Print only the lines from the one with "Animal Colorful Life" through the end of the data, exactly, and please omit pictures.
PROVIDED INFORMATION: Begin
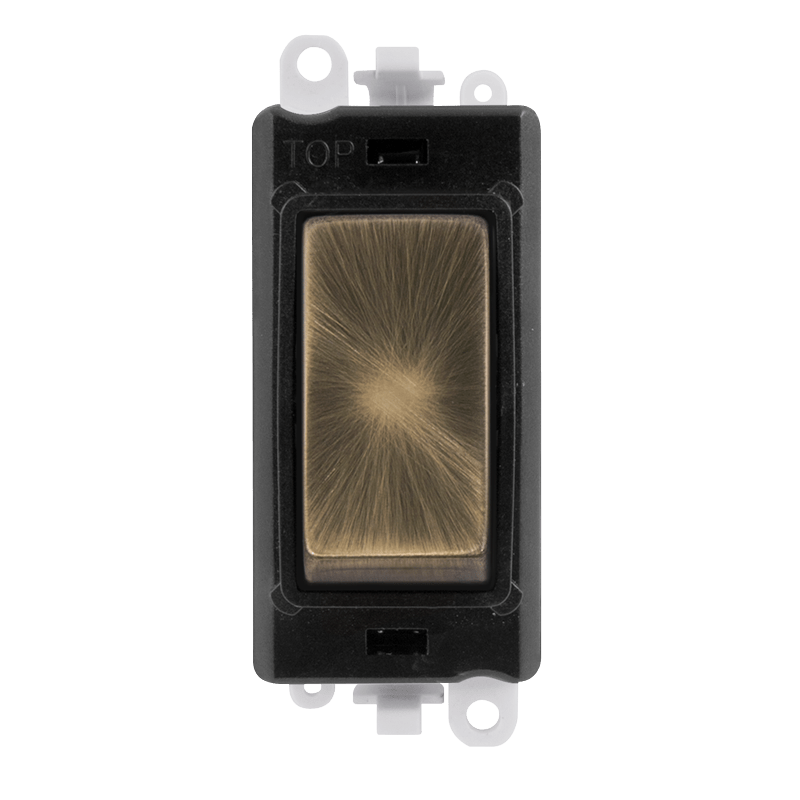 Click GridPro 20AX 3 Position Switch Module - Black - Antique Brass – GM2070BKAB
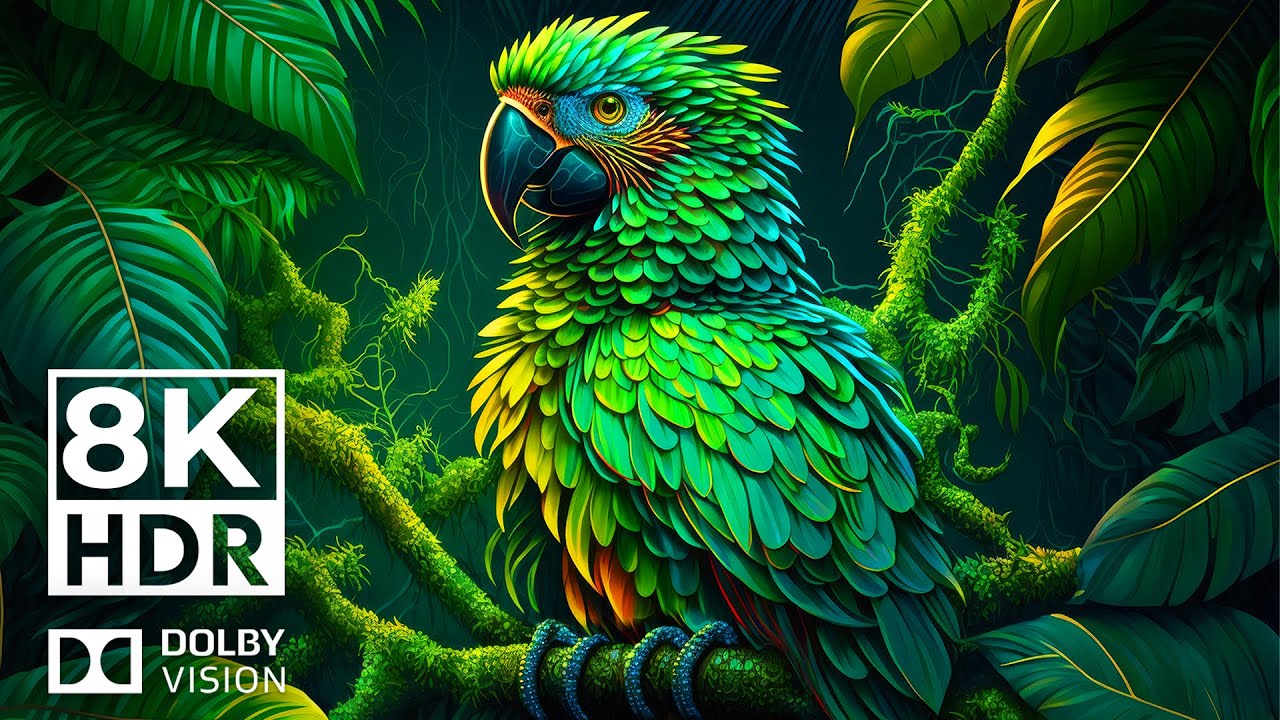 Animal Colorful Life in 8K HDR 60FPS  Dolby Vision | Cinematic Music (dynamic color)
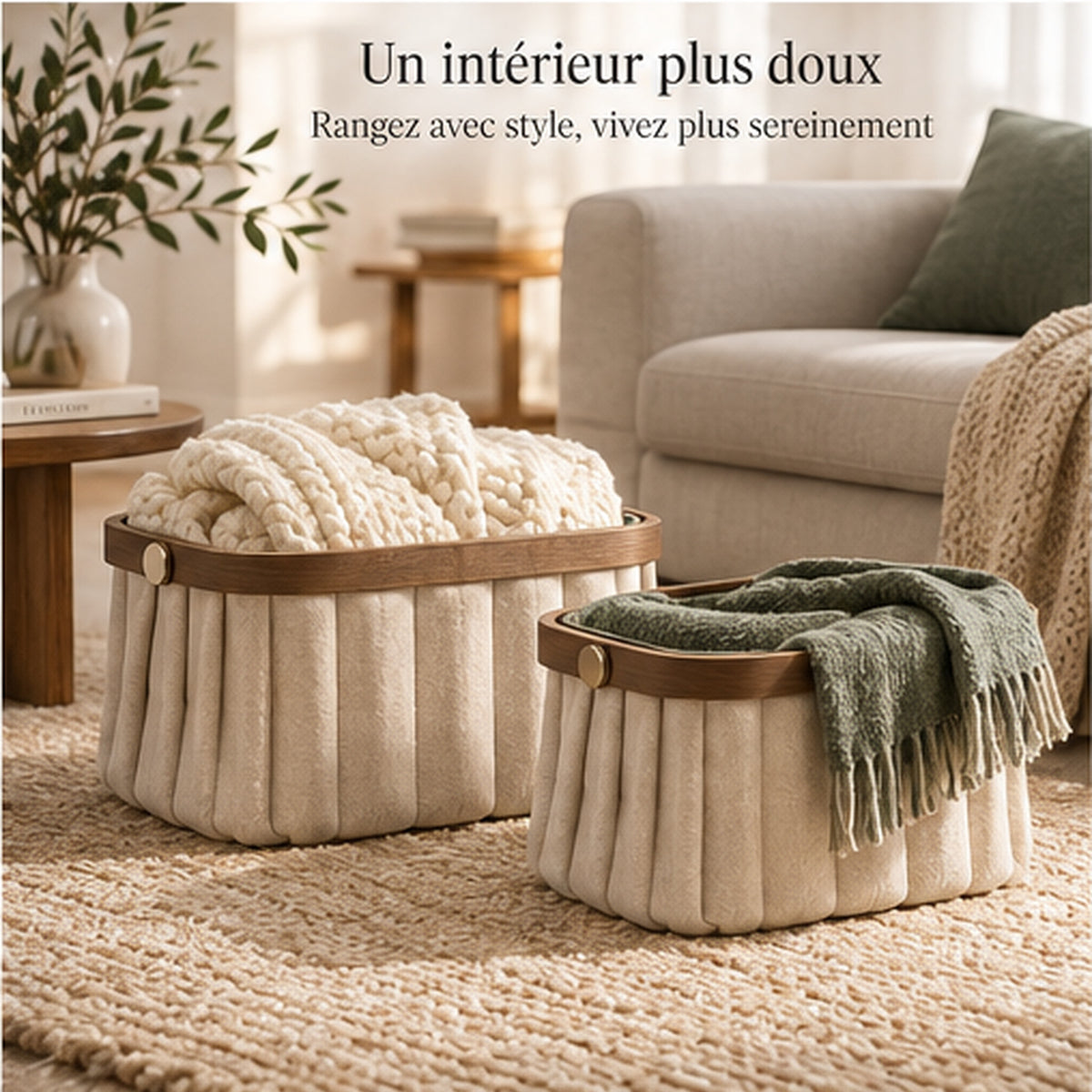 Panier Plissé Duo — Deux paniers extensibles et repliables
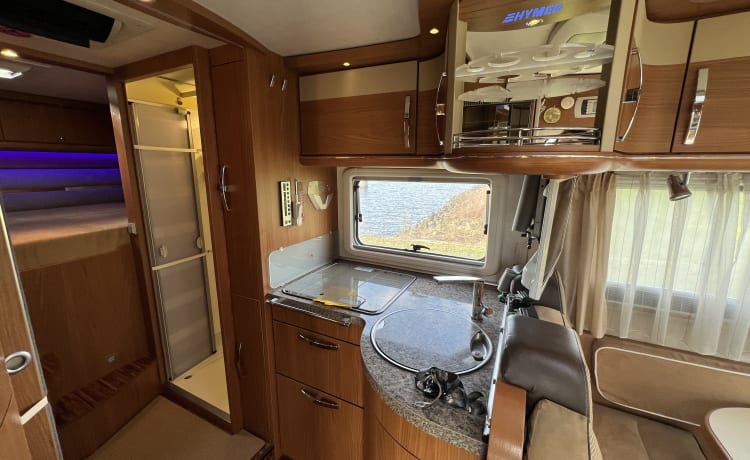 Guapo – 5p Hymer integrated from 2009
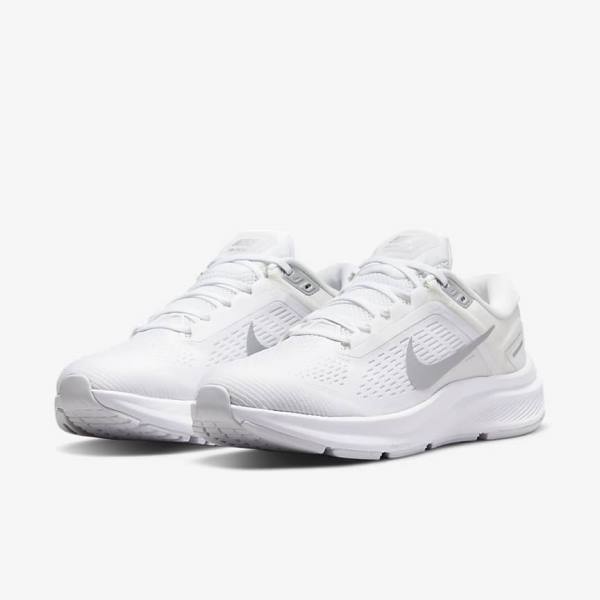 Nike Air Zoom Structure 24 Straßen Laufschuhe Damen Metal | NK697RLV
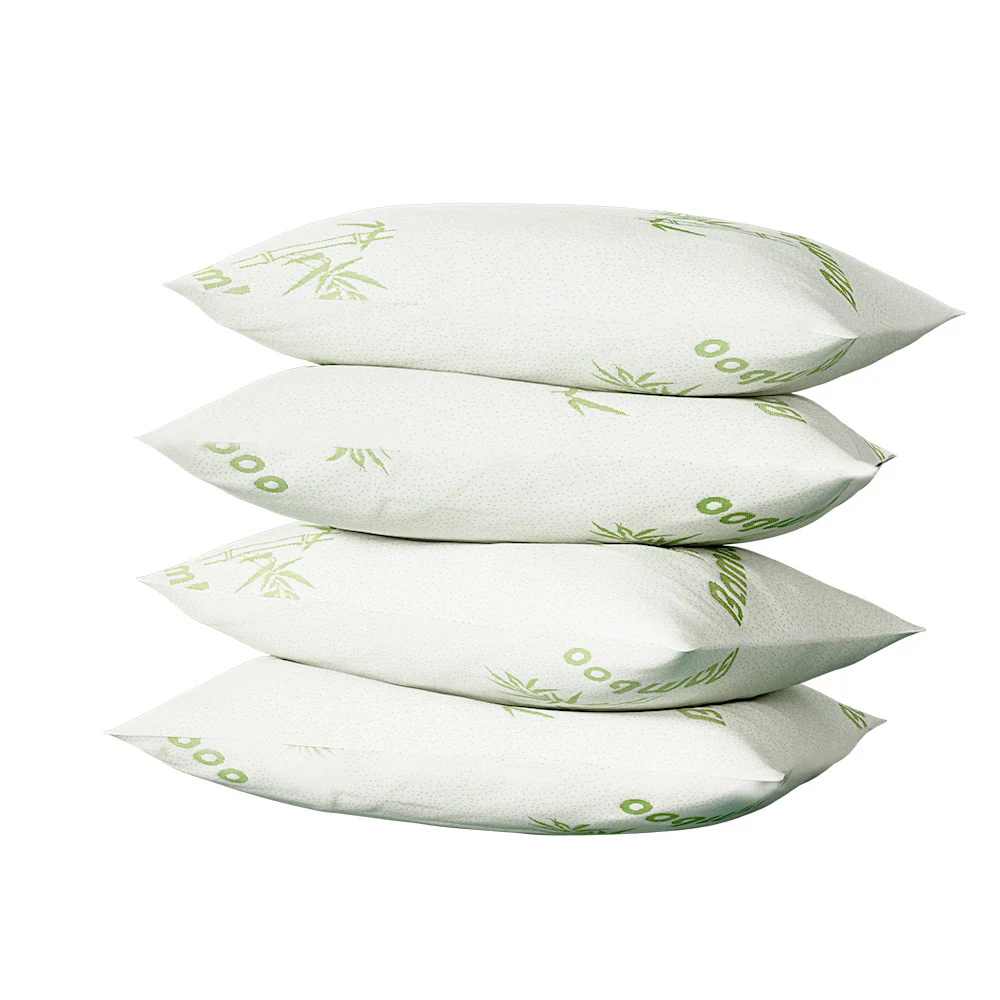 Giselle Bedding Bamboo Pillow | 4 Pack | Family Hotel Pack - Image 7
PROVIDED INFORMATION: End
• [RESULT OF THIS TASK]
 Animal Colorful Life in 8K HDR 60FPS  Dolby Vision | Cinematic Music (dynamic color)
 Panier Plissé Duo — Deux paniers extensibles et repliables
 Guapo – 5p Hymer integrated from 2009
 Nike Air Zoom Structure 24 Straßen Laufschuhe Damen Metal | NK697RLV
 Giselle Bedding Bamboo Pillow | 4 Pack | Family Hotel Pack - Image 7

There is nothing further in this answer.